TOKYO—Japanese giant Hino Motors Ltd. is doubling the production capacity of its assembly plant in Canlubang, Laguna, as it expects the sustained growth of the Philippine economy to continue boosting its prospects over the next five years.
Masashi Imaoka, deputy general manager of the Asia and Oceania division at Hino Motors, said here that there remained room for further growth in the Philippines as the local “market is good and is increasing.”
“The Philippine economy is getting better and better for commercial vehicles and the difference in the price between a brand new and second hand [vehicle] is getting smaller. The price gap is small and so we are confident that the brand new market [for trucks and buses] is getting bigger,” Imaoka said.
The said price gap is reportedly just around 20 percent.
Currently, the demand for trucks in the Philippines has seen an uptrend, growing by about 20 to 30 percent as a bigger part of the market starts to shift to brand new vehicles.
Hino Motors is, thus, looking to grow production at its Canlubang plant to about 4,000 units from the current 2,000 units, while sales of trucks and buses are projected to grow to as much as 5,000 yearly starting 2020, Imaoka disclosed.
For this year, Hino Motors expects sales in the Philippines to grow by at least 60 percent to more than 2,000 units from the 1,250 units it sold last year, as Imaoka cited the effort of their dealers in the Philippines in selling Hino vehicles.
“They know how to sell the products,” he noted.
Hino, according to Imaoka, is also planning to launch new models over the next several years as it will introduce in the local market Euro-4 compliant vehicles. This was in compliance to the Department of Environment and Natural Resources (DENR) policy on the Euro-4 fuel and emission standards.
Atsushi Suzuki, general manager for the automotive department of Japanese giant Marubeni Corp., meanwhile, noted that Hino has become more aggressive to develop products for the Philippine market, which he believes to hold a huge potential.
“In Vietnam, Hino is already selling 5,000 units but the difference is the used cars market. The Philippines still imports used cars but if the government is able to restrict this, we have more potential to grow. When we compare the market size of Vietnam and the Philippines, and if they will have the same conditions [in terms of used trucks and buses], the Philippine market is bigger,” Suzuki said.
Hino, Suzuki further added, is also trying to reestablish the business in the Philippines particularly in terms of quality control standards in the manufacturing plant in Laguna so these will be at par with the Hino global standards.
It can be recalled that Hino Motors and Marubeni Corp. announced earlier this year that they have raised their stakes in local truck and bus manufacturer Pilipinas Hino Inc.
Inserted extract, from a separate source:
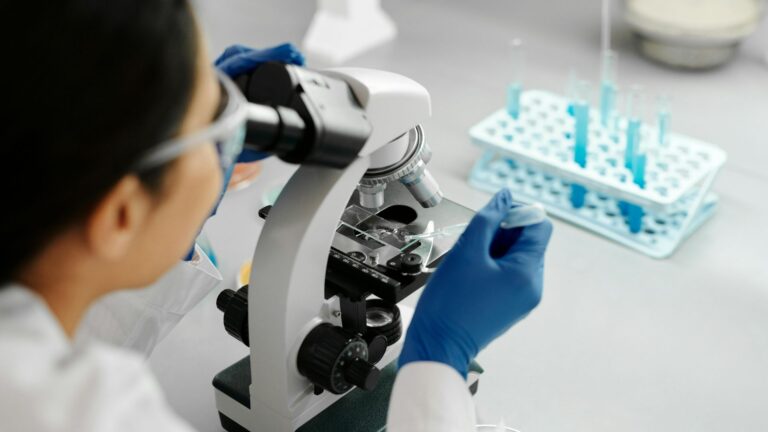 Genética Médica: conheça áreas de atuação, salário e tempo de residência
Under the new partnership, Pilipinas Hino was renamed Hino Motors Philippines Corp. (HMP), 70 percent of which is now held by Hino Motors Ltd., 20 percent by Marubeni and the remaining 10 percent by the local partners. Prior to the equity restructuring, the Japanese partners only had a combined 30 percent stake in the company.
“With Hino and Marubeni, we will be able to make the investments required to broaden our product line. To address the growing demand, we need to be able to drastically increase our production capacities and the inventories we need to carry, as well as expand our dealer network from 15 dealers to 20. The Filipino partners felt that we will not be able to properly address the capital requirements to help company meet the required volumes,” HMP chair Vicente T. Mills Jr. earlier said.